Responsibility for energy and climate


Responsibility for energy and climate change issues cuts across at least eight executive agencies and more than two dozen committees of Congress. The predictable result is policy paralysis, the retired general who stepped down last October as President Obama's national security adviser argues.

Gen. James L. Jones, retired, said in an interview that his inability to streamline executive branch energy policy was one of his greatest shortcomings as National Security Council director. He is now part of a group proposing major government reorganization and other measures to reframe the debate over energy and climate policy.
The group includes the retired senators Byron Dorgan, Democrat of North Dakota, and Trent Lott, Republican of Mississippi, and William K. Reilly, a former administrator of the Environmental Protection Agency and co-chairman of the president's commission on the BP oil spill. They plan to announce their project at a Washington press conference on Tuesday.

Acting under the auspices of the Bipartisan Policy Center, a Washington research and advocacy group financed by foundations, unions and corporations (including some major energy companies), the group hopes to break the political deadlock that has stymied any significant action on comprehensive energy policy.

They want to shift the focus of the debate from the environmental benefits of reducing fossil fuel use to the national security aspects of the nation's dependence on oil, much of it from the Middle East and other unstable regions. They also contend that the nation is falling behind in nuclear technology and the development of alternative energy systems.They note that climate change is already posing security challenges because of the political implications of migrations caused by food shortages and drought.

But first, General Jones said, the government needs to organize itself for the task.

"I failed in one aspect of my job," said General Jones, a former Marine Corps commandant. "I should have advocated much more persuasively for the creation of a senior director in the N.S.C. and a fully staffed directorate to deal with energy as a national security issue, which it is."
He said that Carol Browner, who recently left as White House coordinator for energy and climate change policy, did not have the authority or staff she needed to compel action by the executive branch. And the president's attention to the issue was episodic because of constant crises and other priorities, he added.

"As a result," General Jones said, "it didn't get the daily attention the president wanted. It was a structural problem that can and should be fixed. I made that recommendation to him when I left."

Senator Lott, the former Republican leader, said that Congress periodically turns its attention to energy policy and passes a bill to mandate more ethanol use, for example, or greater support for renewable energy sources. "Ever since Nixon 38 years ago, we make grand sweeping speeches using terms like 'energy independence,' and 'addiction to oil,' but we've got to move beyond the rhetoric," he said.
Energy "didn't get the daily attention the president wanted. It was a structural problem that can and should be fixed."
— Gen. James L. Jones
He said there was no system for measuring progress toward the goals set by Congress or the administration and that one of the tasks of the new study group will be to design means of doing so.
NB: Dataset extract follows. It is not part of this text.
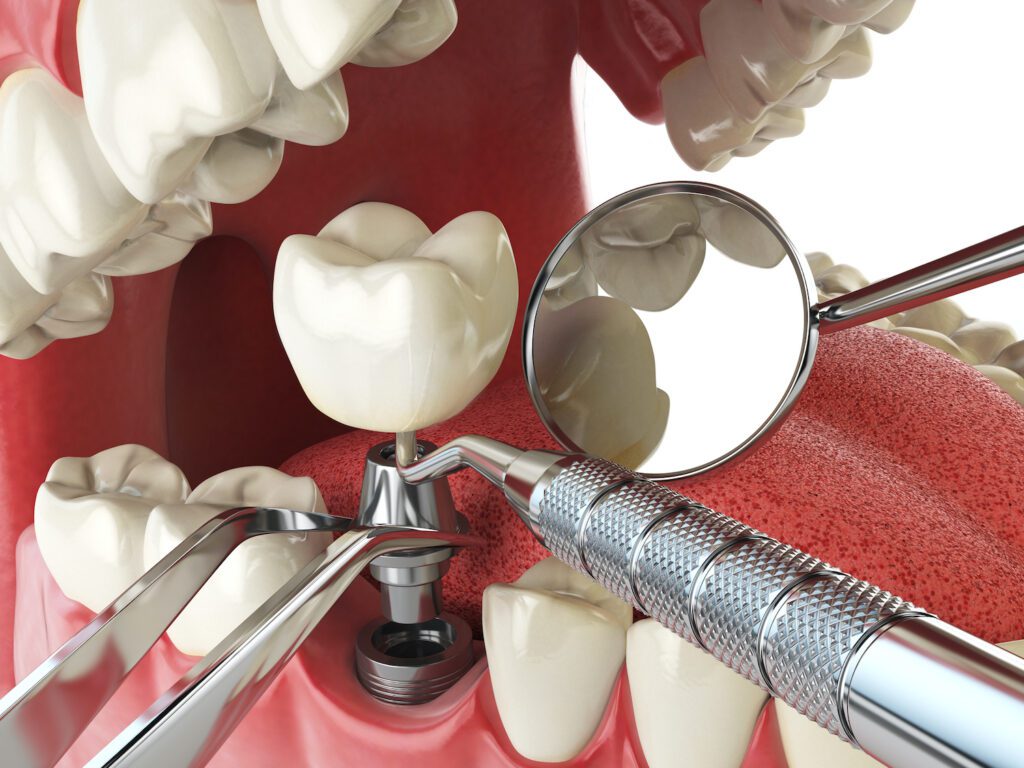 DENTAL IMPLANTS in FREDERICK, MD, can help restore missing teeth in your smile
The group says that President Obama's recent pledge to reduce oil imports by a third by 2025 is admirable, but that a better goal would be to reduce the consumption of oil relative to the size of the economy – a measure known as oil intensity.

"We must move beyond the ill-defined and potentially counterproductive idea of 'energy independence' in favor of near-term, achievable goals that gradually, but decisively, shift our economy away from oil," the group says in an open letter to policymakers. "Near-term goals might include specific targets for expanding and diversifying oil production globally, strengthening international cooperation on petroleum reserves and working with other nations to ensure spare production capacity is available in the event of a major supply disruption."